“In August 2017, Thorn appeared on a podcast that was later entitled “Joe Thorn Loves the Darkness” as he was asked about his various interests, which included horror films, cigars, bourbon and heavy metal music—including “melodic death metal,” noting that “95 percent” of his listening is heavy metal music.”
(Heather Clark – Christian News Network) In a move that some would say is counter to its mission of “calling the church … to repent of its worldliness,” The Alliance of Confessing Evangelicals has invited an unorthodox pastor and podcaster who espouses a love for all things dark—from horror movies to death metal to dark fiction—and whose “Pastors in Cars Smoking Cigars” series and other videos reflect his love and promotion of cigars, bourbon and tattoos, to speak on justification and the Christian life at its upcoming Reformed theology conference.
On March 16, Joe Thorn is scheduled to speak at the “Redemption Accomplished and Applied” conference at the First Christian Reformed Church of Byron Center, Michigan. He will be leading a session on “Justification Through Faith Alone,” as well as a workshop on “The Cross and the Christian Life.” Other speakers will include Liam Goligher, Ian Hamilton and David Murray.
Thorn leads Redeemer Fellowship in St. Charles, and is the author of the books “Note to Self: The Discipline of Preaching to Yourself,” “Experiencing the Trinity: The Grace of God for the People of God,” and “The Life of the Church,” “The Heart of the Church” and “The Character of the Church.” He is a graduate of Moody Bible Institute, which published his Church trilogy under its Moody Publishers label.
Thorn, who co-hosts the podcast “Doctrine and Devotion,” is known for often being pictured or filmed smoking a cigar.
In 2017, Thorn posted a series to his YouTube channel entitled “Pastors in Cars Smoking Cigars,” during which the two engaged in banter about various subjects before delving into the topic for the video.
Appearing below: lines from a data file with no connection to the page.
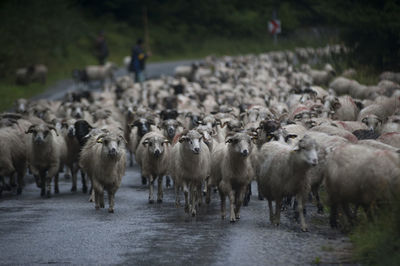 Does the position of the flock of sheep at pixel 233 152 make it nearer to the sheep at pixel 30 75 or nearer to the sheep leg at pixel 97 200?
the sheep leg at pixel 97 200

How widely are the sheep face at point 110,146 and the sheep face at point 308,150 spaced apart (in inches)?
140

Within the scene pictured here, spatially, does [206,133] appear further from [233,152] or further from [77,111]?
[77,111]

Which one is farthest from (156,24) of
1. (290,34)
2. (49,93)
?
(49,93)

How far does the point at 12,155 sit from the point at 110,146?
3295mm

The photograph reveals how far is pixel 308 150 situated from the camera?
10297mm

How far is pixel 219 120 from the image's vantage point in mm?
16297

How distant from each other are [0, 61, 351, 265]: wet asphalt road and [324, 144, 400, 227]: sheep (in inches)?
22.1

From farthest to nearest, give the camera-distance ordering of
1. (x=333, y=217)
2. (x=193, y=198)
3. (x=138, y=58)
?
(x=138, y=58)
(x=193, y=198)
(x=333, y=217)

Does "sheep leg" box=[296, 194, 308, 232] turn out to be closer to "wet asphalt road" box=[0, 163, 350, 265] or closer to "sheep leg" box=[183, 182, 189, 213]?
"wet asphalt road" box=[0, 163, 350, 265]

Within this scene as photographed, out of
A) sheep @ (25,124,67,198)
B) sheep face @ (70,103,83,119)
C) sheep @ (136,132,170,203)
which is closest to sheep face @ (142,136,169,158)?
sheep @ (136,132,170,203)

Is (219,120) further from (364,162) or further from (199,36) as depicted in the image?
(199,36)

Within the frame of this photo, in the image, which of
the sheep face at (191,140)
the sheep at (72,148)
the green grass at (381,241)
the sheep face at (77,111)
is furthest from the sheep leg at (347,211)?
the sheep face at (77,111)

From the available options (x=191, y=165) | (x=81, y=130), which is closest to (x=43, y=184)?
(x=81, y=130)

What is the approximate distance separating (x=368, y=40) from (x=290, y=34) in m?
27.5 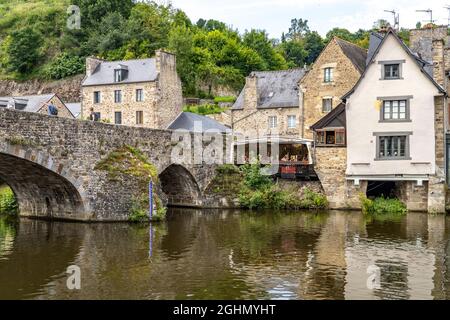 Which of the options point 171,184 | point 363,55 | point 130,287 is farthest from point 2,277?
point 363,55

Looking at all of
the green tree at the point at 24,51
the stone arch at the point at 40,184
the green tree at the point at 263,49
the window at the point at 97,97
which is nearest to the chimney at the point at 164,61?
the window at the point at 97,97

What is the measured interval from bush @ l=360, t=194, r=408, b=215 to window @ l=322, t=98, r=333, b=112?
8136 millimetres

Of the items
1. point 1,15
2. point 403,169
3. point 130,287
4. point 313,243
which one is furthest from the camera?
point 1,15

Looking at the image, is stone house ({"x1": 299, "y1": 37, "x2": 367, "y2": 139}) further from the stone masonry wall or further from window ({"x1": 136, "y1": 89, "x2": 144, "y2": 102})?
window ({"x1": 136, "y1": 89, "x2": 144, "y2": 102})

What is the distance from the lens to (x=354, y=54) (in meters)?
35.9

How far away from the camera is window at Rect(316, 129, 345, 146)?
30.9 m

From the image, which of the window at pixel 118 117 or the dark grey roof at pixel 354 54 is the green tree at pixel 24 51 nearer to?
the window at pixel 118 117

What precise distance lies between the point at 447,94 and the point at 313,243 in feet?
50.5

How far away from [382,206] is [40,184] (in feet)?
56.4

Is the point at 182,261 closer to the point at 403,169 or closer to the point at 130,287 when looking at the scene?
the point at 130,287

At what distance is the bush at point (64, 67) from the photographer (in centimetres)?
6072

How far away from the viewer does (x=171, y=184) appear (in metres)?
32.1

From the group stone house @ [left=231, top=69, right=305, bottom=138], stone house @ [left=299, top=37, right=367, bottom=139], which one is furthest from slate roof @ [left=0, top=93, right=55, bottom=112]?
stone house @ [left=299, top=37, right=367, bottom=139]

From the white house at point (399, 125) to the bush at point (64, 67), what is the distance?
38.9 metres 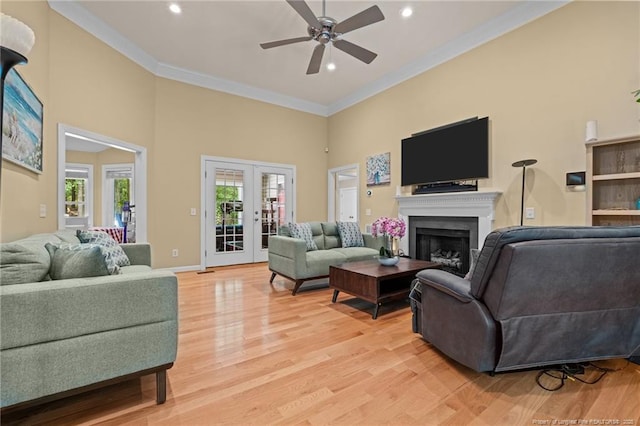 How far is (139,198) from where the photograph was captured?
4.68 metres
In one of the recordings, Thorn asked pastoral assistant Jimmy Fowler to “name that song,” that is, to identify music that he pulled up on his phone and played out of his car stereo. The two laughed as Fowler correctly identified the tune, which turned out to be the “Thong Song” by Sisqo, a Grammy-nominated hit centering on “what men think about”—namely women’s rear ends—as it states, “Baby, move your butt” and “Baby, make your booty go.”